You've not addressed the point that every country that's ever had the word 'Democratic' in the title (or at least the ones that I can think of) is also nothing of the sort.
I call it a communist policy because it's something that communist regimes have done as a matter of policy.
Really? Genocide by tuberculosis is actually codified into law? Was Hitler a communist? He certainly did practice genocide as a matter of policy. And the original question still remains. Is the method suppressing dissent used by your average tin-pot Latin American dictator, or Saddam during the 80s somehow better? I'll have to reiterate here that just because they might call themselves communists, it does not meant that they are. Bush calls American "a peaceful country", but history has shown it to be anything but. This is authoritarians protecting their authority.

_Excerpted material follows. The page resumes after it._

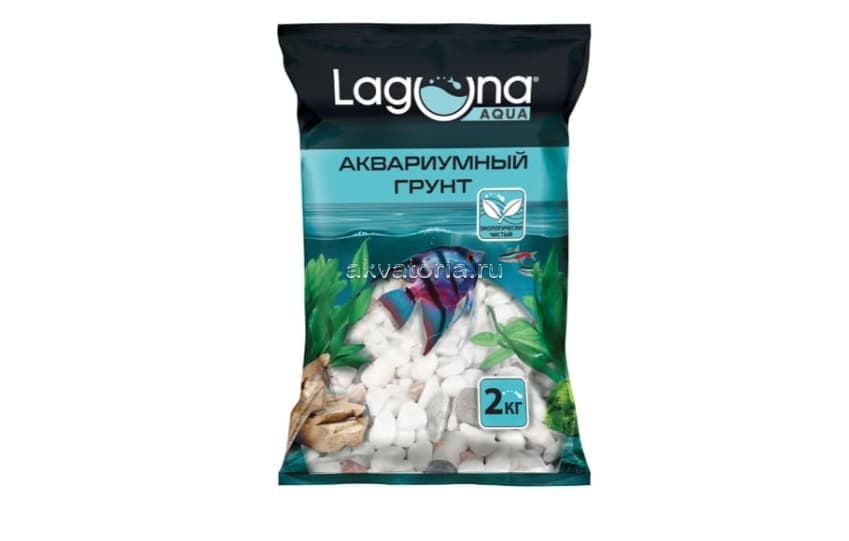 Грунт галька речная Laguna 20101D, бело-розовый меланж, 6-8 мм, 2 кг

It's not a communist thing.
What?
If you want to understand what real Communism is, try reading something like 'The Communist Manifesto'.
I did read the manifesto, and I found it only slightly less appalling than Mein Kampf. Like all colllectivist screeds, it is a blueprint for disaster.
-jcr
The only title of honor that a tyrant can grant is "Enemy of the State."
What exactly gives you the idea I'm 'little'?
If corporations are people, aren't stockholders guilty of slavery?
Whether you like communism as a theory is irrelevant. The point was - did you find any reference to the killing of dissidents?